Syrah is the most savoury of red grapes. Don't expect candy — expect spice cabinet, charcuterie, garrigue.
Click any aroma you detect →
First sip: the texture. Reds add a new sensation — tannin. Tannin isn't a flavour, it's a mouth feel. It's the dry, grippy, slightly furry sensation on your gums and the inside of your cheeks. It comes from grape skins and seeds.
Malbec was born in Cahors, southwest France — but Argentina is where the grape became famous. Luján de Cuyo, just south of Mendoza city, is the historic heart of Argentine Malbec, and Casarena (the name combines casa and arena — "house" and "sand", honouring the sandy soils) farms four single vineyards across the Agrelo and Perdriel sub-zones. At nearly a kilometre above sea level, in the desert rain-shadow of the Andes, the vines see brutal sunshine by day and freezing winds by night. That extreme diurnal swing is the secret: it lets the grapes accumulate sugar (high alcohol, ripe fruit) and hold acidity (freshness). Snowmelt from the Andes provides irrigation. The wine is fermented with native yeasts and aged 10 months in French oak — enough to add complexity without burying the fruit. This is Malbec at its most poised: not a fruit bomb, not over-extracted.
Compare the colour to the Syrah you just had. They look similar at first — keep looking.
After the savoury Syrah, Malbec's nose feels almost sweet. There's an unmistakable plumpness to the fruit, lifted by floral and spice notes from altitude.
Click any aroma you detect →
A generous sip. Malbec's signature is the texture: tannins that are abundant but ripe and rounded — described as "velvet" or "plush" rather than "grippy".
The name Bonpas comes from "bonus passus" — Latin for "good passage". In 1318, Pope John XXII gave a fortified monastery on the road between Avignon and Rome to the Carthusian monks; their job was to keep watch over the pilgrims passing through. The walls still stand today, and so does the wine. Vacqueyras itself comes from the Provençal Vaqueiras, meaning "valley of stones" — and you'll see why on the label illustration. The vineyards sit at the foot of the Dentelles de Montmirail, a jagged limestone ridge that looks like lace teeth biting the sky. The soil is famous: galets roulés, large round riverbed pebbles dropped by ancient glacial floods. By day they soak up the Mediterranean sun; by night they radiate it back, ripening the grapes from below as well as above. Vacqueyras was promoted from Côtes-du-Rhône-Villages to its own AOC Cru in 1990 — putting it in the same elite tier as its more famous neighbour, Gigondas. The wine is mostly Grenache Noir (minimum 50% by appellation rules), with Syrah, Mourvèdre, and a touch of Cinsault. Tonight this is your closing wine — a warm, generous, garrigue-scented finale and the most powerful red of the night.
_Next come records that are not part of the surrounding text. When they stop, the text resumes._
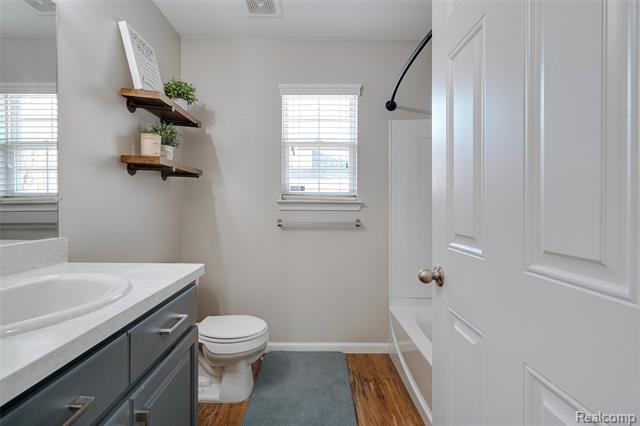 Builiding view sixteen for 11375 North Woods, Utica, MI. 48317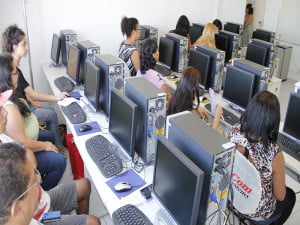 Barueri abre novas vagas para cursos de informática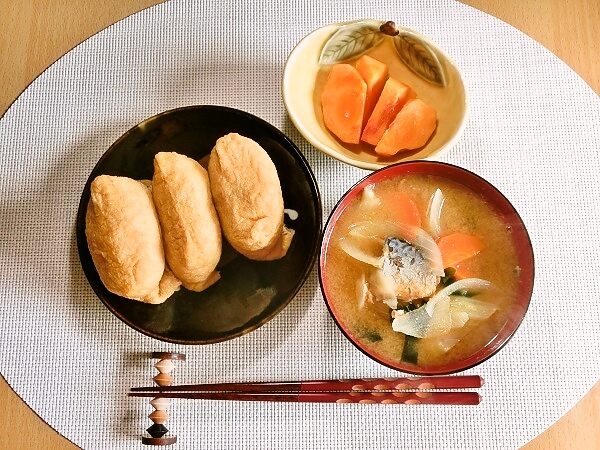 いなり寿司とサバの味噌汁の昼ご飯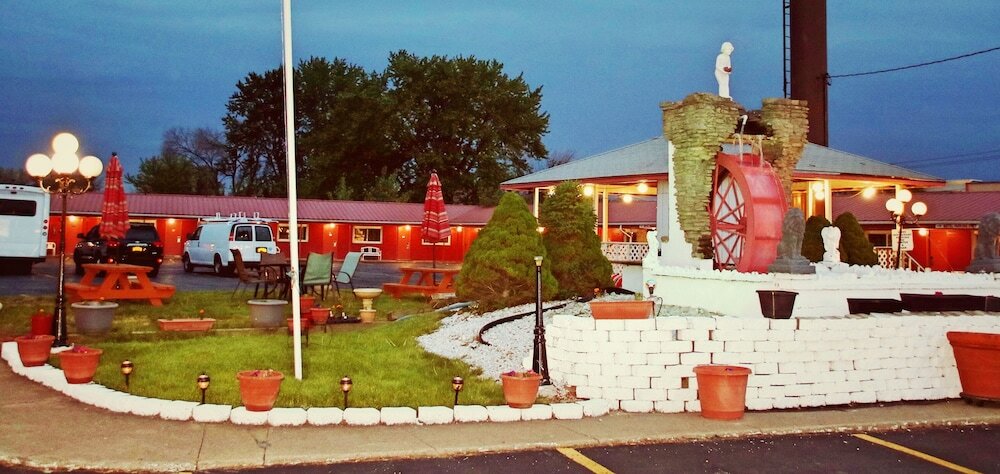 Фото Budget Host Inn Niagara Falls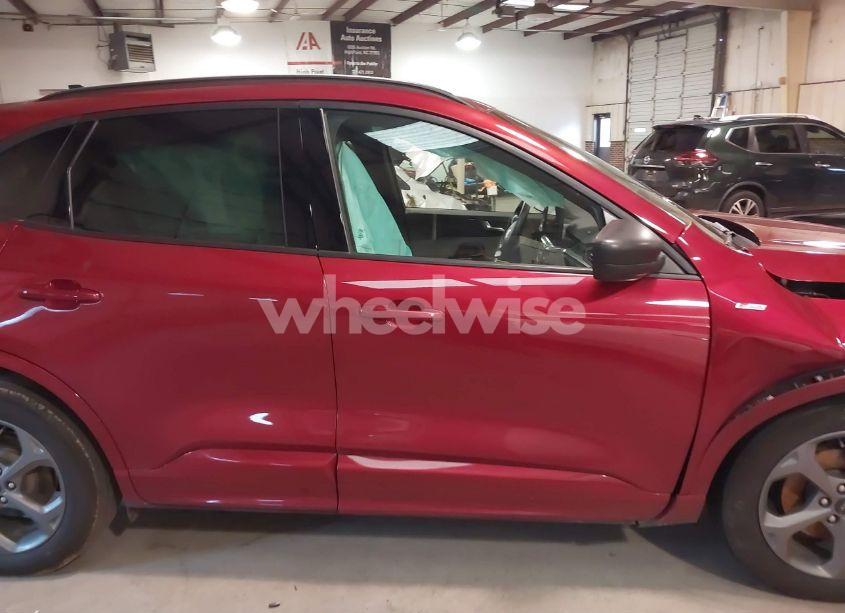 Photo 13 of 2023 Ford Escape ST-LINE (VIN 1FMCU0MN6PUA10943)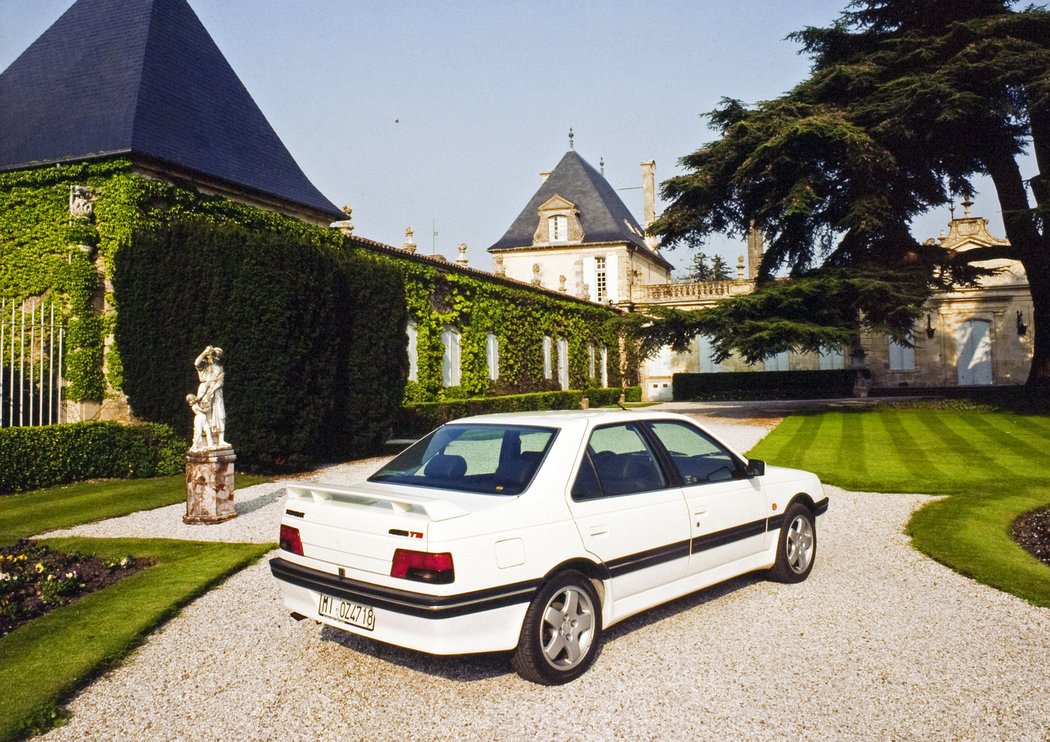 1993 Peugeot 405 T16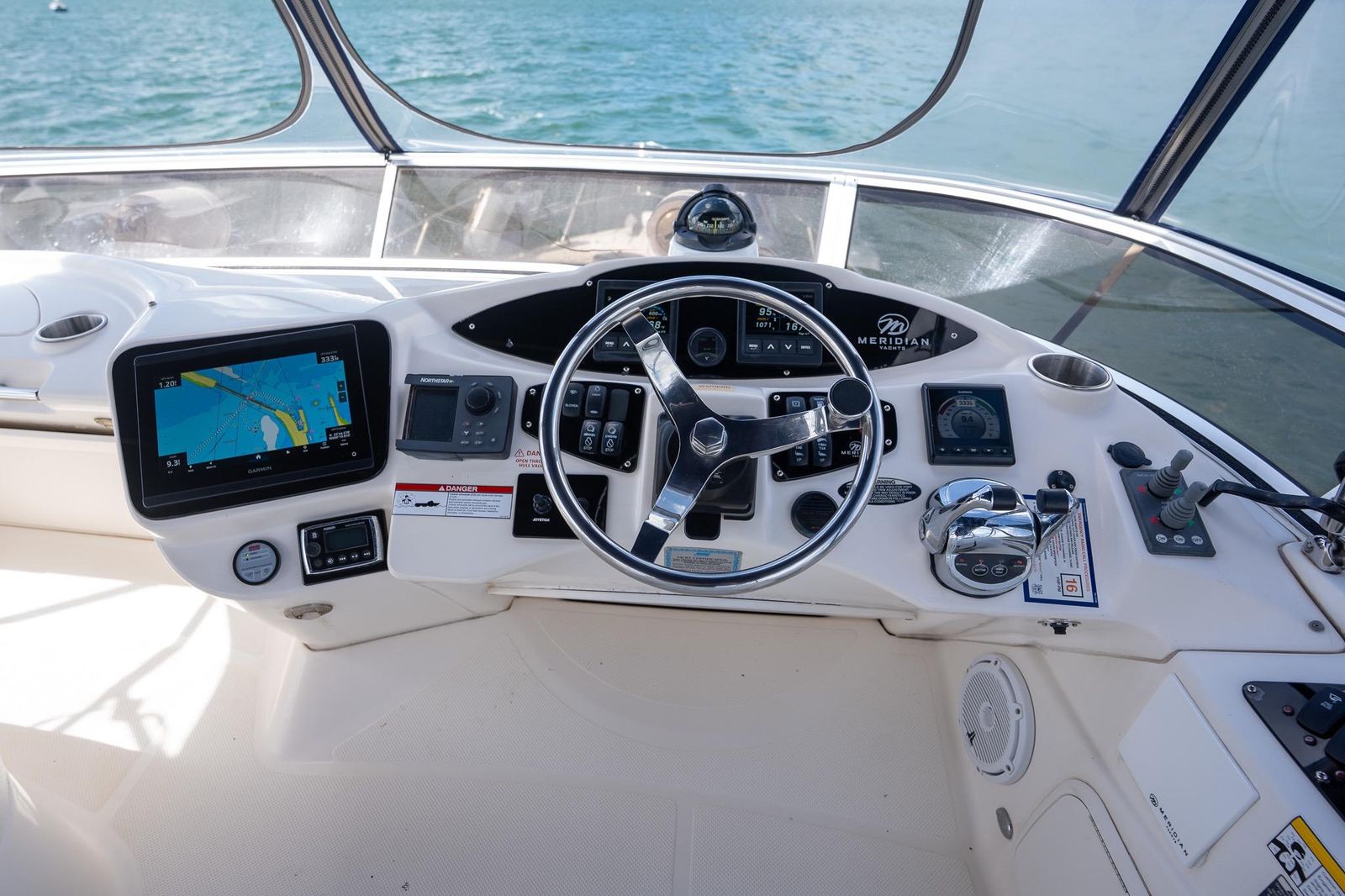 2009 Meridian 391 Sedan — Twin Cummins 760hp, Key Biscayne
A reminder: this bottle was opened 40 minutes before serving. The contact with air has woken up the aromatic compounds — the wine should now be at its peak.
Vacqueyras has a famous aromatic signature: garrigue — the wild scrubland herbs of Provence. Think of crushing rosemary, thyme, lavender, fennel between your fingers under a hot sun. Beneath that, layers of dark fruit and spice unfold.
Click any aroma you detect →
A medium sip. Three (or four) grapes means three textures layered together — feel the wine evolve from front to back of the mouth.
You've travelled six terroirs in one evening — from a kiwi-scented Pacific bay to a sun-baked Provençal hillside, with stops in a German limestone hill, a fossil-shell Burgundy seabed, a Moroccan Atlantic plateau, and an Andean rain-shadow desert. Drink slowly. Argue gently. Take notes you'll laugh at next year.